A plan to raise cash through a list of Telefonica’s infrastructure unit – Telxius – has been shelved, with a listing of its O2 UK business also apparently in the pipeline.

The Wall Street Journal noted that as Telefonica has been maintaining its dividends, there have been some “high-level beneficiaries” – namely shareholders BBVA and CaixaBank, which are also represented on the Telefonica board.

While the debt issue is long-standing, operationally there are some good signs for Telefonica. Service revenue in its home market (Spain) was stable at around €3.05 billion, with strong growth for its Fusion converged services proposition.

Revenue in Brazil increased by 7.9 per cent to €3 billion, driven by strength in its mobile operation. In a statement, Telefonica said that “the execution of the data centric strategy, the focus on higher value customers (mobile contract and high speed broadband), the cost control and the commercial rationality, foster this excellent performance despite the inflationary pressure and the regulatory impacts”.

But revenue in Germany decreased by 5.2 per cent to €1.9 billion, with mobile service revenue down 1.8 per cent to €1.4 billion. The company noted mobile service revenue was impacted by regulatory effects.

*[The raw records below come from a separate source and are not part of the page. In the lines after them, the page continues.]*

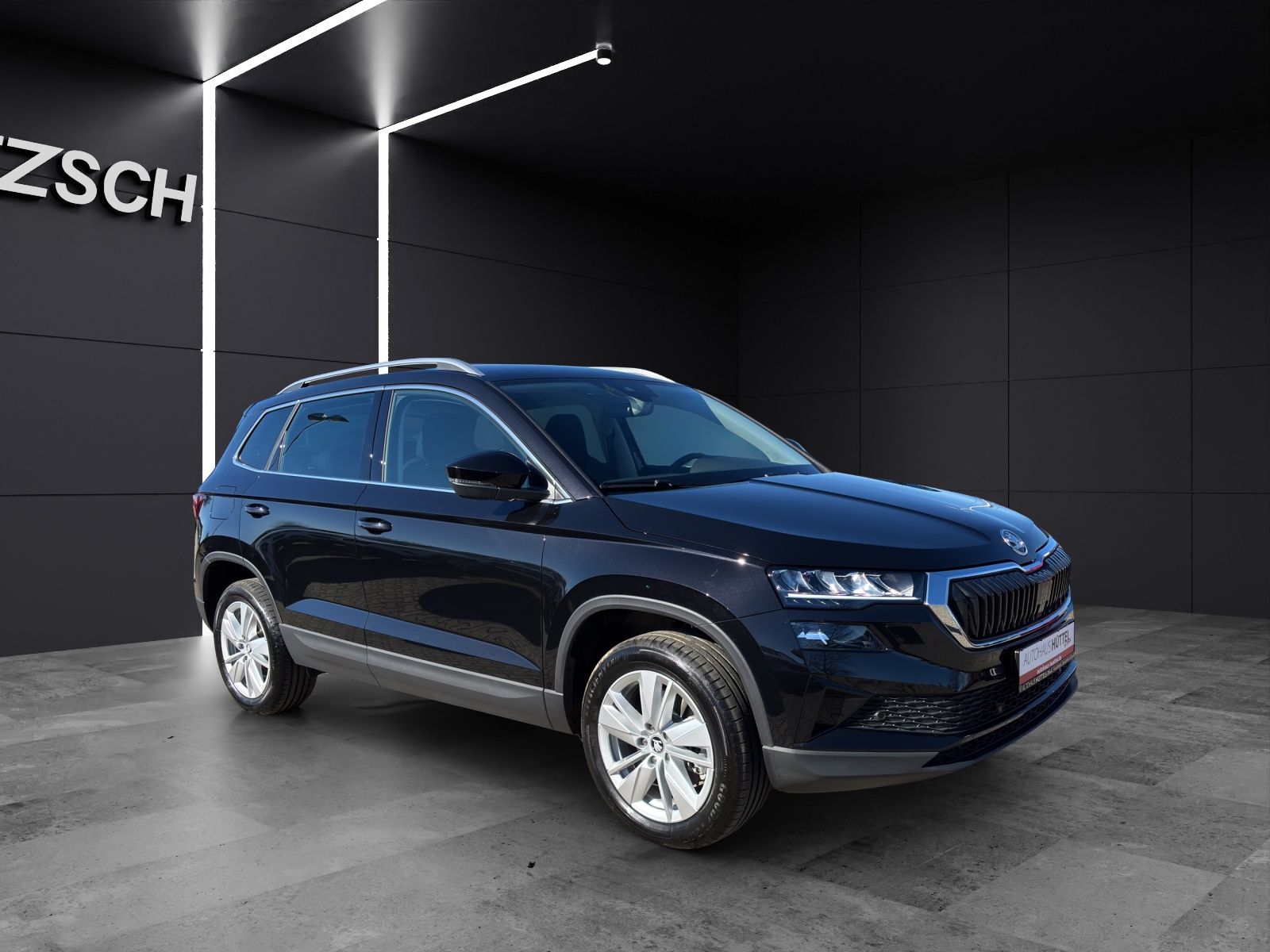 Fahrzeugabbildung SKODA Karoq Balance 1.5 TSI DSG AHZ LED RFK SH ACC Cli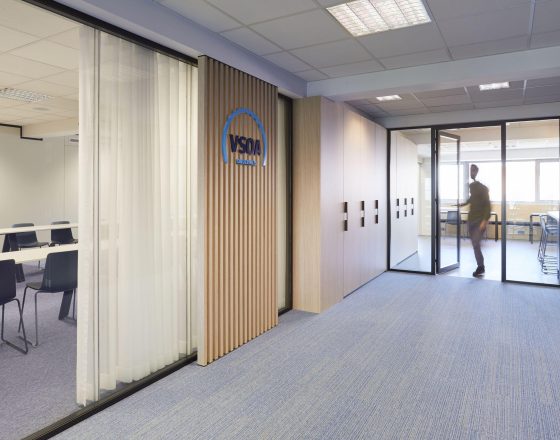 VSOA Offices Made by Creaplan3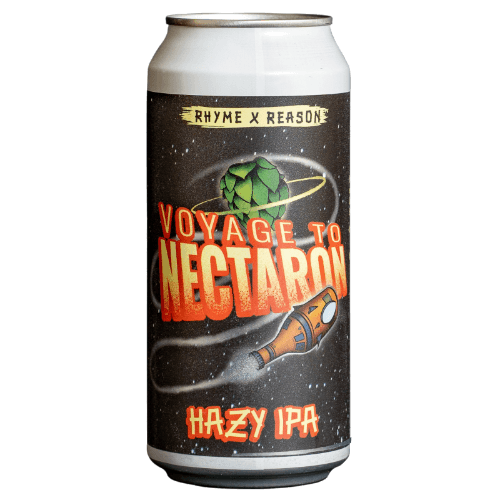 Rhyme & Reason Voyage to Nectaron Hazy IPA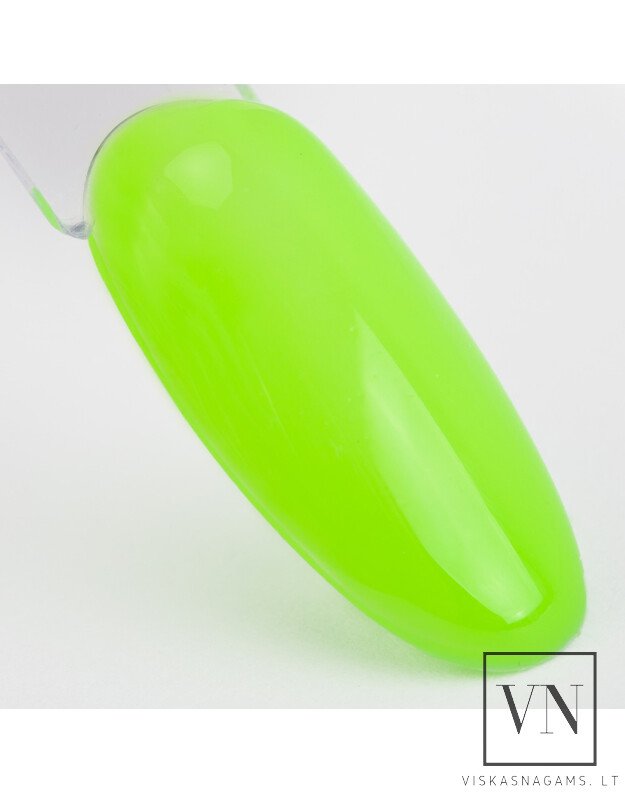 FLUO RUBBER MOJITO neoninė bazė, 10g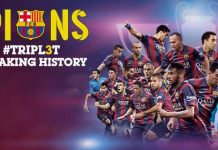 Spania domina Europa fotbalistica! BARCELONA este REGINA Batranului Continent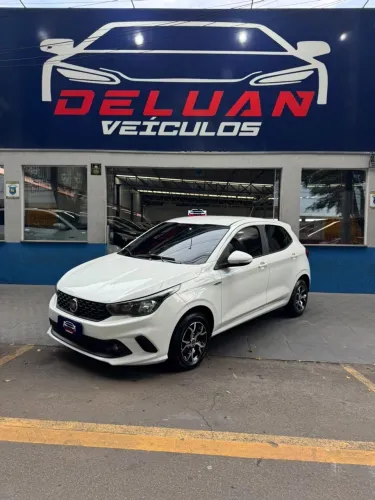 Fiat Argo Drive 1.0 6V Flex 2019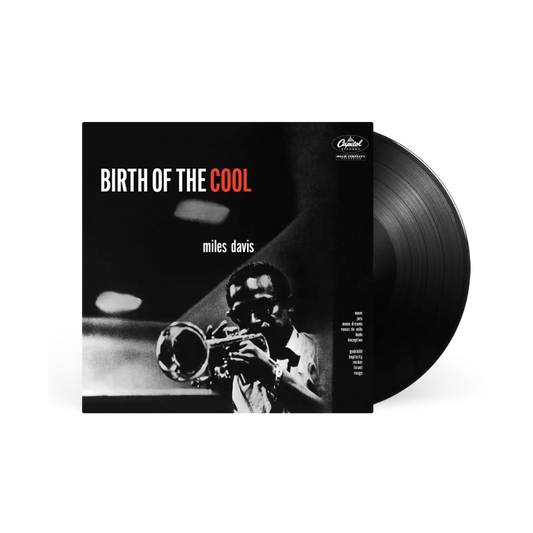 VINILO MILES DAVIS - BIRTH OF THE COOL (BLUE NOTE TONE POET EDITION)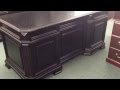 4456-917 Samuel Lawrence Lexington Executive Desk 4456-917 Samuel Lawrence Lexington Executive Desk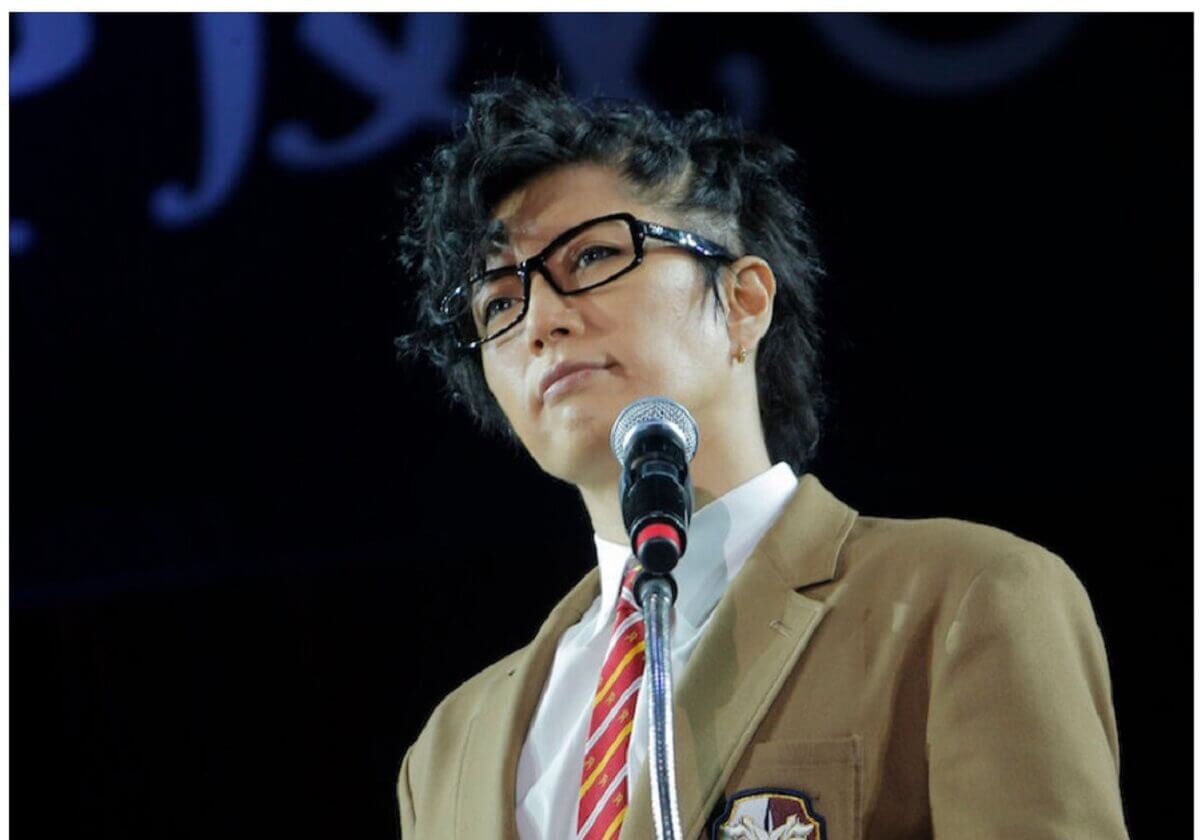 GACKT、活動休止中に不倫疑惑、格付け欠場は敵前逃亡?『翔んで埼玉』降板か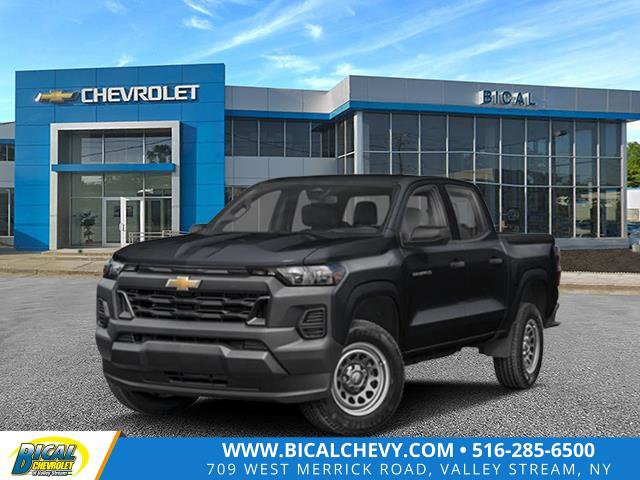New 2026 Chevrolet Colorado Trail Boss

Telefonica UK revenue decreased 17.1 per cent to €1.7 billion. According to Reuters, citing Telefonica UK chief Mark Evans, a listing of this business will take place next year – if market conditions are right.

And for the Latin America unit, revenue dropped 13.9 per cent to €3.1 billion, with the company noting the “highly competitive environment in the region” and difficult macroeconomic situation in some countries.

On a group level, Telefonica reported a net profit of €983 million, up 38.5 per cent year-on-year, on revenue of €13.08 billion, down 5.9 per cent. Operating income before D&A of €4.2 billion was down 1 per cent year-on-year.

It ended the period with 274.9 million mobile customers, with LTE penetration at 22.1 per cent group-wide.